Comment by rebecca Wed Apr 16 11:13:43 2014
Can't wait to see how it turns out!
Comment by TERRY Wed Apr 16 11:47:24 2014

Rebecca --- Excellent question! I'm not worried about the two colonies we lost this past winter because I know what happened to them and neither problem is contagious. One absconded this past fall, probably because I treated them for mites with powdered sugar. The other was a very late swarm that simply wasn't big enough to stay warm through the winter.

The diseases that seem to be likely to carry over in old hives (according to the literature) are the two types of foulbrood. If I had any thoughts that bees might have died of foulbrood (or if I was using equipment from an unknown source), I would definitely try to disinfect. This is the method we've used in the past to disinfect suspect equipment.

Your specific question was about viruses, though, and I've never read about any viruses that affect bees. It got me wondering, though --- could there be viruses we don't know about? Definitely worth pondering if bees die of unknown reasons.

Comment by anna Wed Apr 16 13:52:51 2014

here are some links to articles about bee viruses.

http://articles.latimes.com/2014/jan/21/science/la-sci-sn-virus-bee-colony-collapse-20140120

“I want to be cautious,” Chen said. “The cause of colony collapse disorder remains unclear. But we do have evidence that TRSV along with other viruses that we screen on a regular basis are associated with lower rates of over-winter survival.”

http://articles.latimes.com/2014/feb/19/science/la-sci-sn-colony-collapse-bumblebees-20140218

from wikipedia Additional evidence that CCD is an infectious disease came from the following observations: the hives of colonies that had died from CCD could be reused with a healthy colony only if they were first treated with DNA-destroying radiation,[98] and the CCD Working Group report in 2010 indicated that CCD-exhibiting hives tended to occur in proximity to one another within apiaries.[38]

these articles are all about ccd which I think you suspected was the case with one of your losses in a previous year. But, often times you can get just weaker bees with a virus without getting ccd. Which could contribute to a failure to survive the winter, although this winter was just crazy cold.

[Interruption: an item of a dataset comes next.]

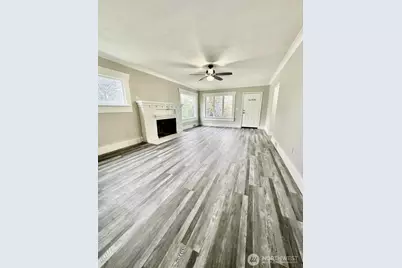 10033 Des Moines Memorial Drive S, Seattle, WA 98168 - Photo 7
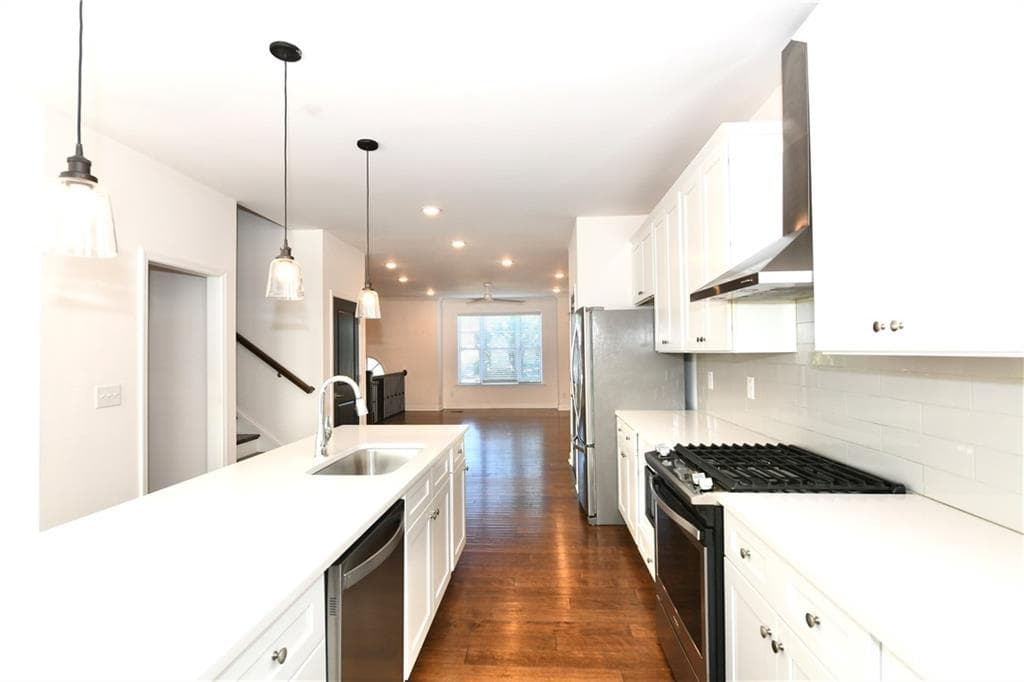 3 bedroom, 4 bathroom, 2,520 sq ft townhouse for sale at 160 Wren Drive, Roswell, GA 30076 — photo 9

Comment by rebecca Thu Apr 17 08:33:08 2014

I do not have the option you have. You have lots of land and are out in the country. So I end up walking my dog in the neighborhood but letting her run next to the Nashville International Airport in Tennessee.

I happened upon a swarm that formed right in front of me while letting my dog run in the field. It was a cool sight. I left to go home and knowing I had a neighbor that has hives, and decided to stop and tell him about it.

He was interested and I took him to the swarm and helped him capture the hive. It was a cool experience.

So this turns out to be my hive just in his yard (he has 7 others). I will be interested in seeing how it works.

Thanks for your blog. I live vicariously through you.